While taking a cerebral approach to learning what Kirelawich was teaching the West Virginia defensive lineman a year ago, Wright also took advantage of the fact that he didn't have to physically recover from games and spent extra time in the weight room.

"I gained about 10 or 15 pounds," said the 6-foot-2, 270 pounder. "I definitely have gotten a lot stronger from where I was coming out of high school. I think I'm overall a better athlete now."

While work in the weight room helped Wright become a better athletic talent, Kirelawich said it is only through work on the field that a young player can develop into a contributor.

"(He's a) typical freshman," said Kirelawich of Wright. "He's a work in progress, but he improved an awful lot in spring practice. I thought he got better, but he has a lot further to go."

While the veteran assistant coach continues to search for Berry's backup, he said that Wright has not yet established himself as the front-runner for that position.

"When you're in the second unit, that means you go into games," Kirelawich said. "If you go into games, you had better be able to know what you're doing down cold. He doesn't yet."

It's the mental side of playing along the defensive line that continues to hold back the redshirt freshman at this point.

"I think physically, I can compete and I'm good," Wright said. "(My struggles) are just more mental, learning the plays and getting acclimated to the system.

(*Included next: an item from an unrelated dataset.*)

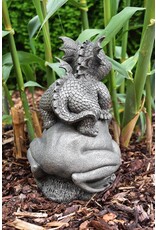 MC Giftware & Lifestyle - Garden Dragon  on Frog - Dragon statue 27cm
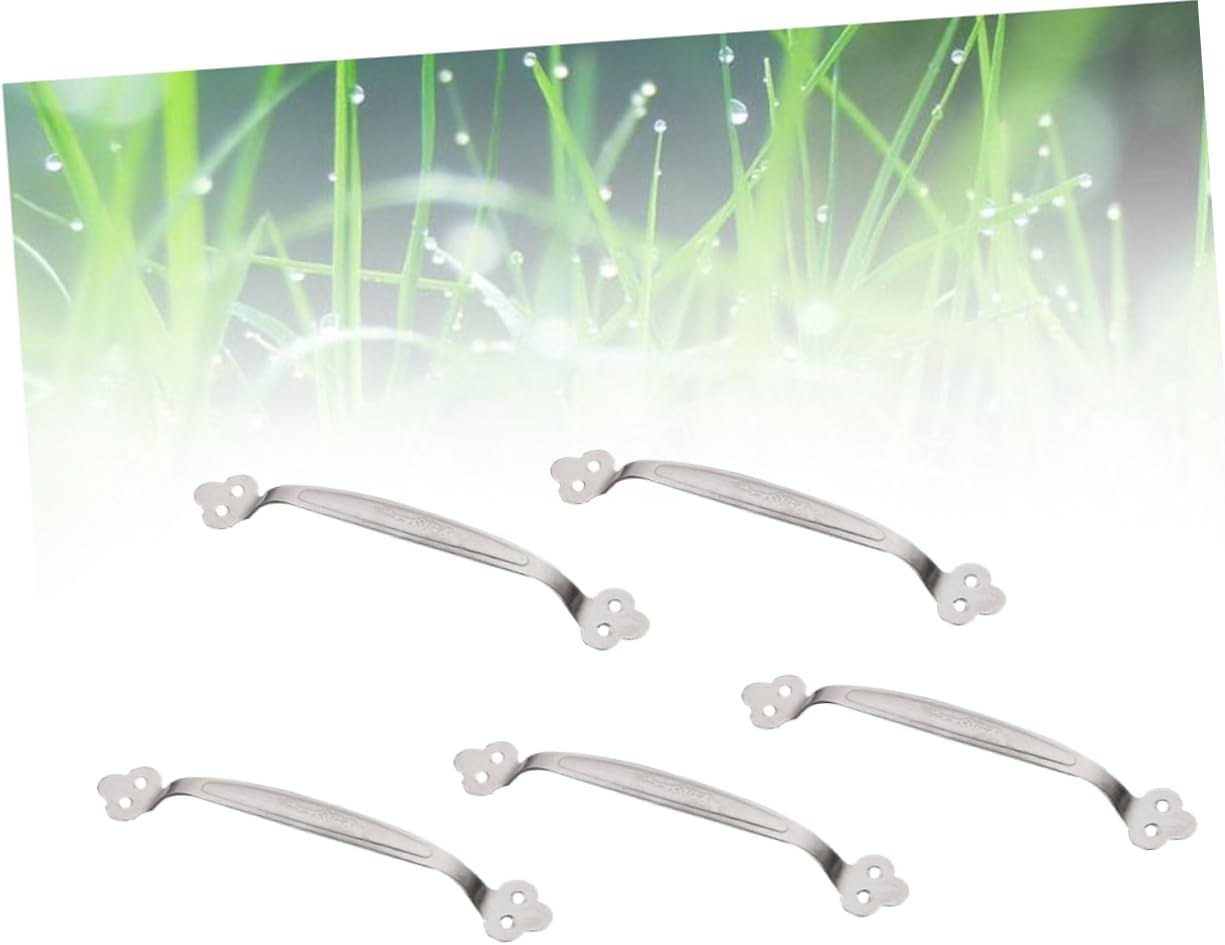 5pcs Bathroom Safety Grab Bars Stainless Steel Plum Blossom Handles Slip Grip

I think it's going to come with time and work -- more work than time. I've just got to put in more effort."

While he continues to push for his younger players to develop quickly, Kirelawich said it is a tall task for even a second-year prospect like Wright to be able to jump in to being a regular contributor.

"This is a hard position for an upperclassman to play." the defensive line coach said. "It's a real hard position for a freshman to play. For a guy to come in that early (and contribute) -- I'd love to see it. And he'll have the opportunity to do it."

To make the most of that opportunity, Wright knows it will take a lot of effort throughout the summer and a solid showing in fall camp for him to realize his goals for this season.

"I'm going to get stronger, get faster and work as hard as I can during camp," Wright said. "When the season starts, hopefully I can make the traveling squad."